Work order: The reply should contain only the lines from the start of the records through the line with "Nieruchomość rolno-leśna 30000m2", reproduced verbatim and without pictures.
▶
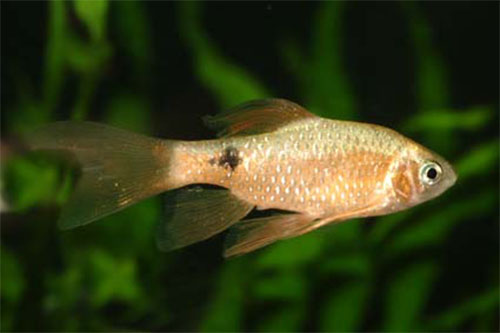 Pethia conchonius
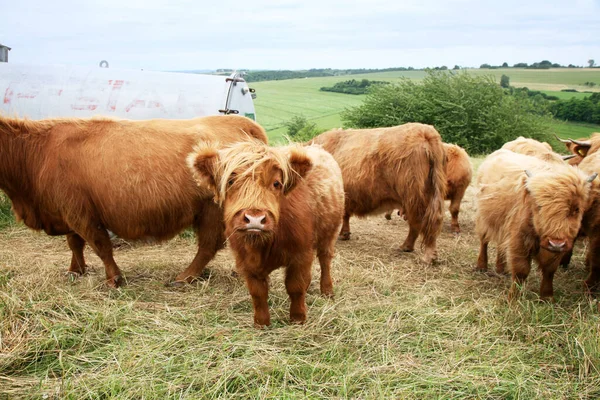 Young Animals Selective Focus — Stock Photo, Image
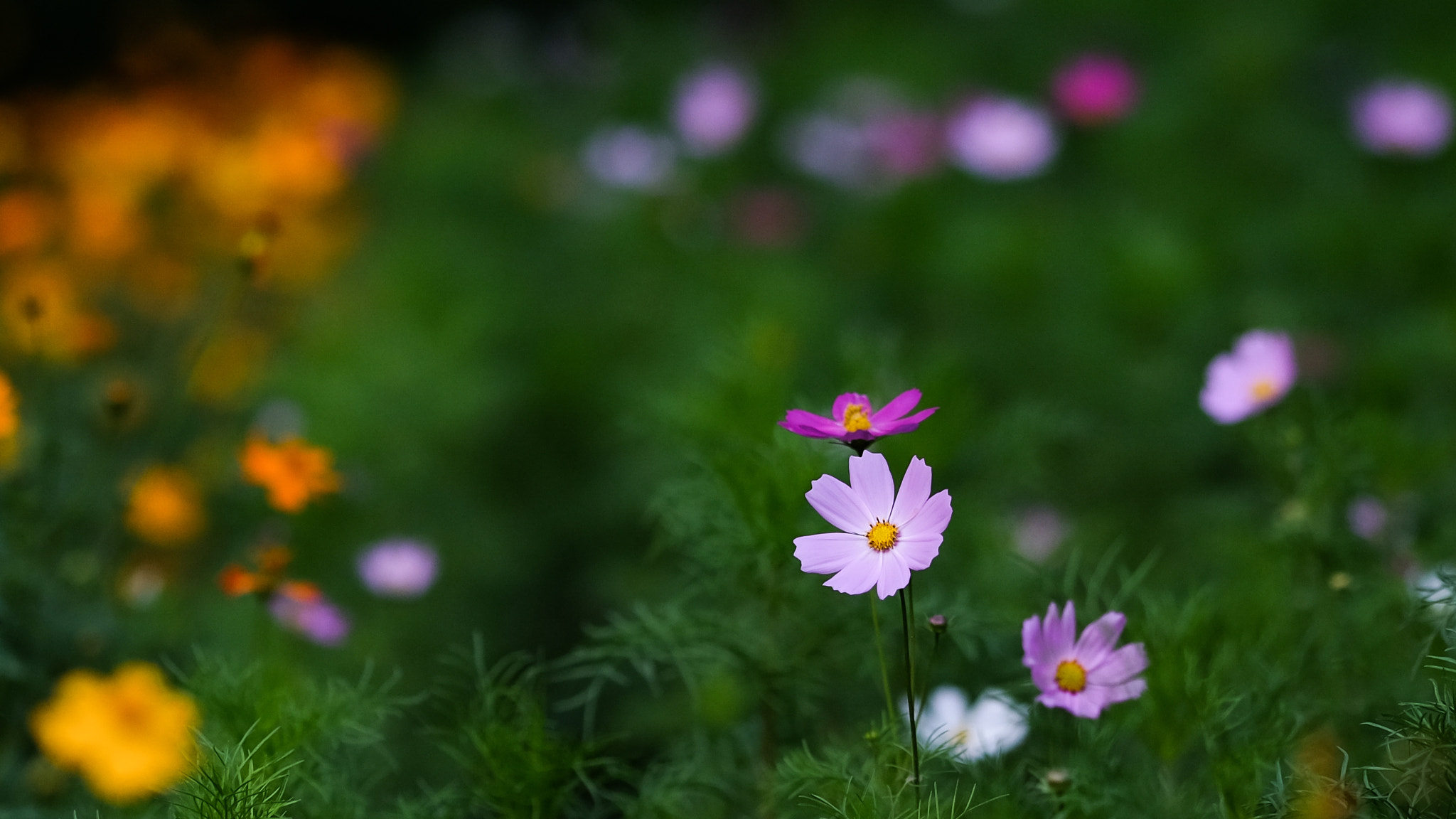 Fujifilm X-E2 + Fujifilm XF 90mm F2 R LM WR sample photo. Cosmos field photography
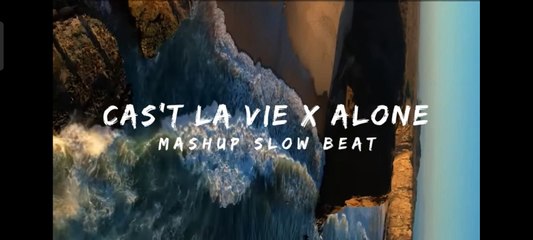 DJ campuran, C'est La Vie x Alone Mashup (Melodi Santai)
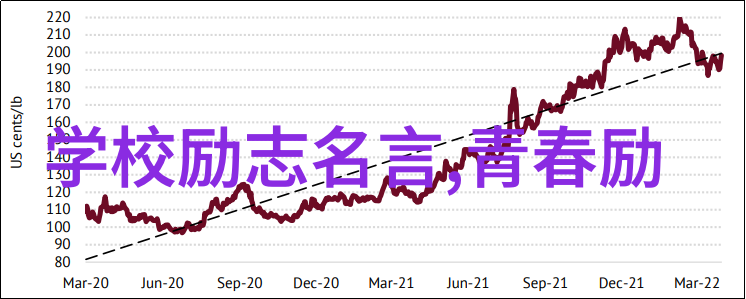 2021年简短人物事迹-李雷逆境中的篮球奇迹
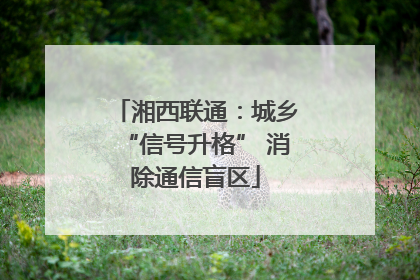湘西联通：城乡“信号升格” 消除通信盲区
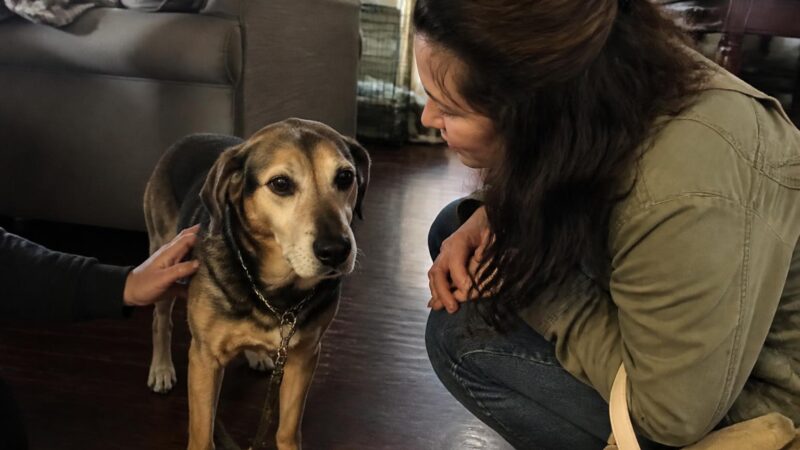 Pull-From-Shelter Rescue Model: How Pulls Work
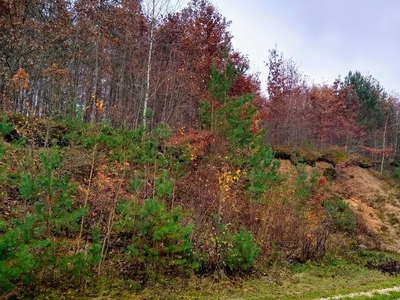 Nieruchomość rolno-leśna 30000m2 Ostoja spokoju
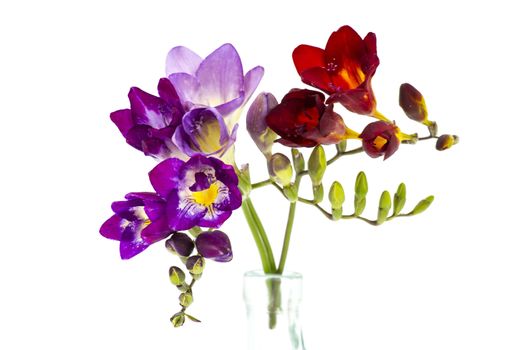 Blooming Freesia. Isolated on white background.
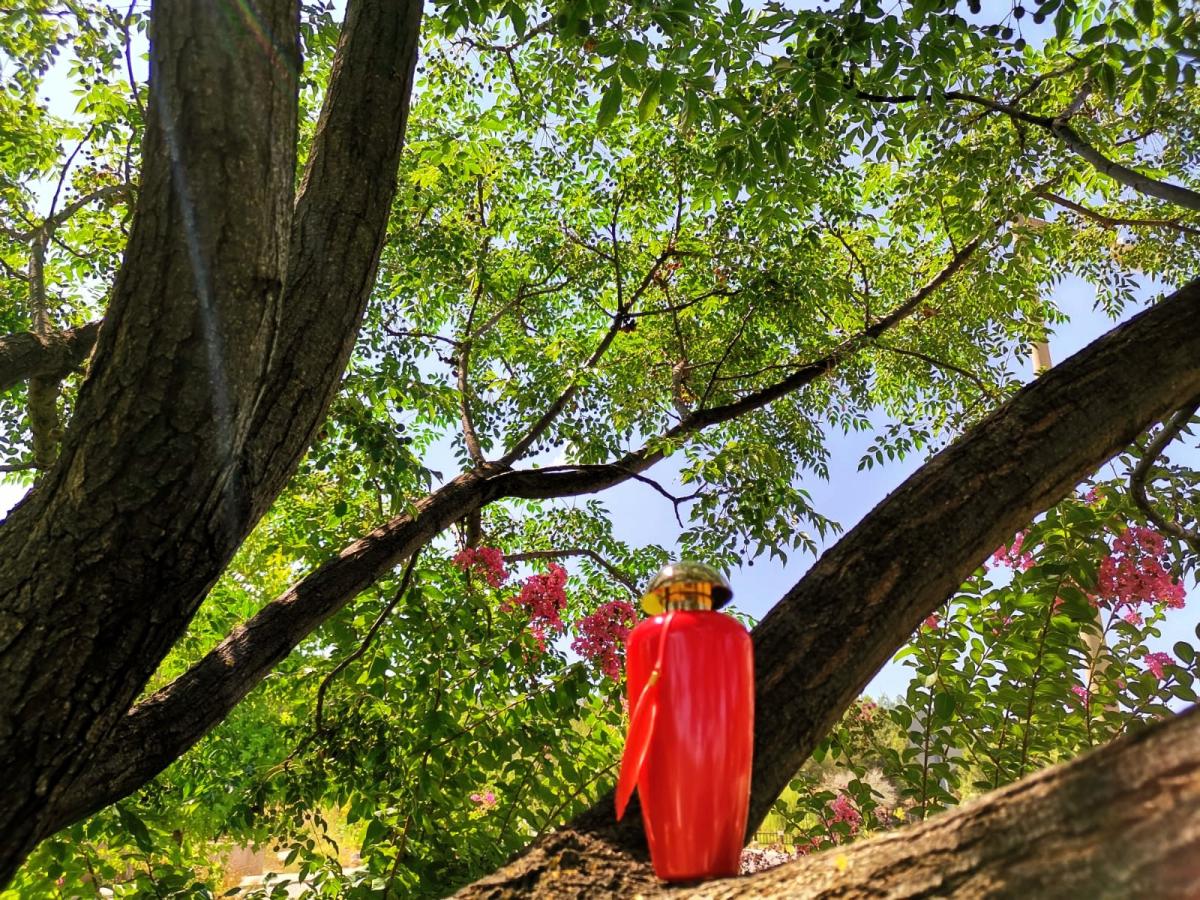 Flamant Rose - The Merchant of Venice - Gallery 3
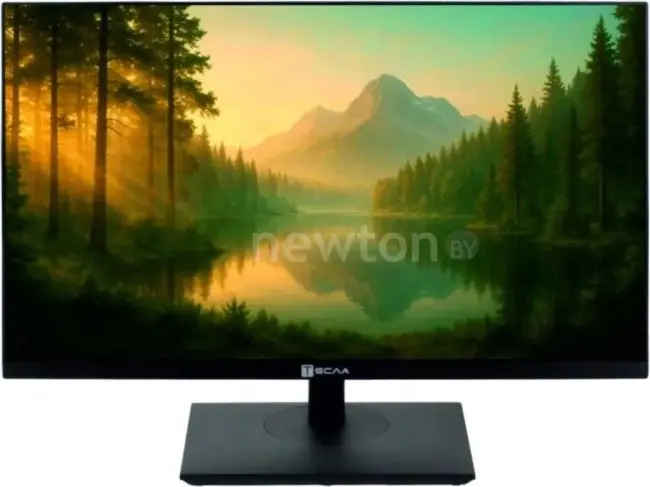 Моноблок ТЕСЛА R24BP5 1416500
◀
Written answer:
 Pethia conchonius
 Young Animals Selective Focus — Stock Photo, Image
 Fujifilm X-E2 + Fujifilm XF 90mm F2 R LM WR sample photo. Cosmos field photography
 DJ campuran, C'est La Vie x Alone Mashup (Melodi Santai)
 2021年简短人物事迹-李雷逆境中的篮球奇迹
湘西联通：城乡“信号升格” 消除通信盲区
 Pull-From-Shelter Rescue Model: How Pulls Work
 Nieruchomość rolno-leśna 30000m2 Ostoja spokoju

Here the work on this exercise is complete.